To me, one of the most important aspects of this explanation for our current experience is the reminder that everyone we are interacting with is experiencing a loss of some kind right now. Each of us as individuals is experiencing a loss whether or not we have identified it as such. If we haven’t experienced the extreme versions of loss – death of a family member or friend, loss of a job, etc., we may be tempted to minimize our own experience or that of others. But the hard reality is that we have all lost something, most of us have lost many things that are important to us – time to be with family and friends, graduations and other rituals, normal routines, or the ability to make reasonable plans for the coming semester.
Each of us as individuals is responding to the massive number of changes in different ways. Anger, fatigue, an inability to focus, tears, sleeplessness or needing more sleep, the list goes on. Our campuses, organizations, and communities are responding in a variety of ways as well. For some, individuals as well as organizations, the response to the uncertainty is to hold on to routine, to do what is safe and usual. This may be applying policy as we always have, trying to replicate every program or service online, or holding people to some idea of productivity that can no longer reasonably apply.
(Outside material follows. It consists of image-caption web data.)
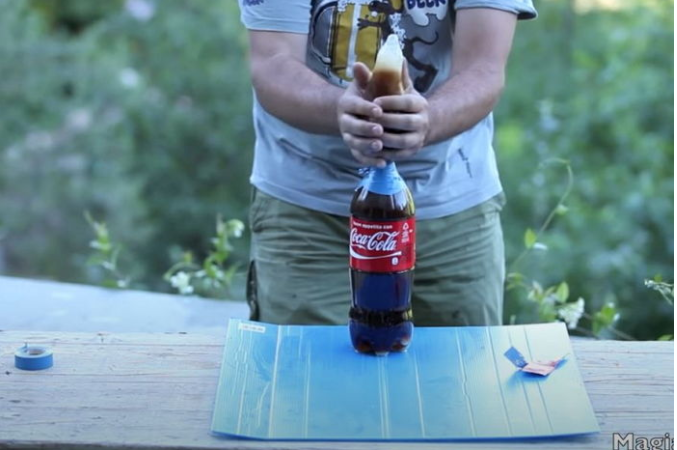 YouTuber Tests Mentos and Coke Reaction Inside a Condom 2 All the materials ready, he starts his reckless experiment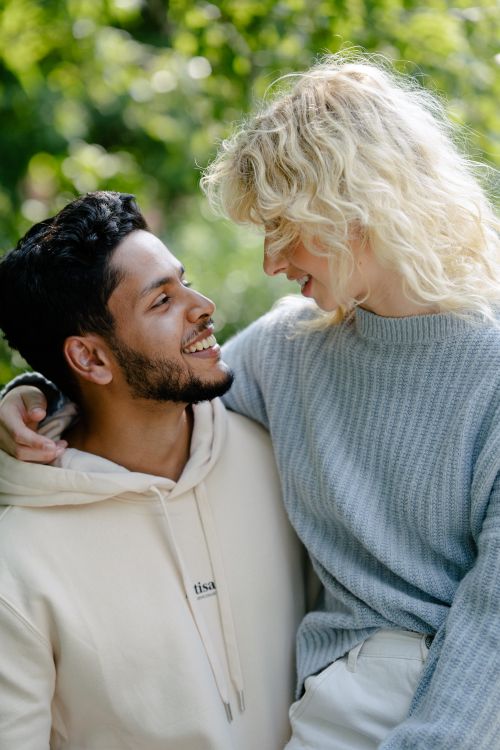 Free A couple enjoying a tender moment outdoors, surrounded by greenery and love. Stock Photo
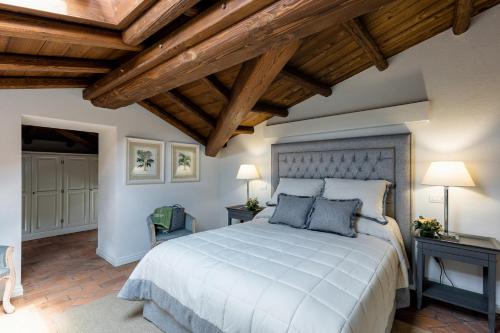 Een bed of bedden in een kamer bij CORTE SAGGIN Charme Relais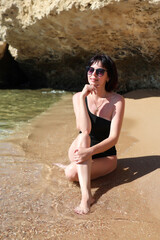 A brunette woman with glasses in a black bathing suit sits on the sand overlooking the sea, with her legs tucked under her, enjoying the sun's rays.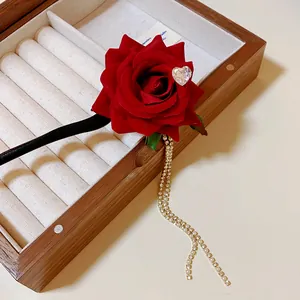 Detail view of a vintage red rose hair stick featuring a heart rhinestone and long tassel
I encourage you to stop for just a moment and acknowledge what you have lost over the past few weeks and months. Allow yourself to admit that you are grieving. It’s normal. It’s to be expected. And then think about the colleagues you work with and acknowledge that they are grieving, too. What can you do to support them in their experience of loss and grief? What about your family and friends? How might identifying and acknowledging their own losses and grief help them? We all need to find ways to take care of ourselves and each other because this global experience of ambiguous loss will be part of our experience for a long time to come. And to do this we have to practice empathy and compassion, grace and forgiveness for ourselves as well as other.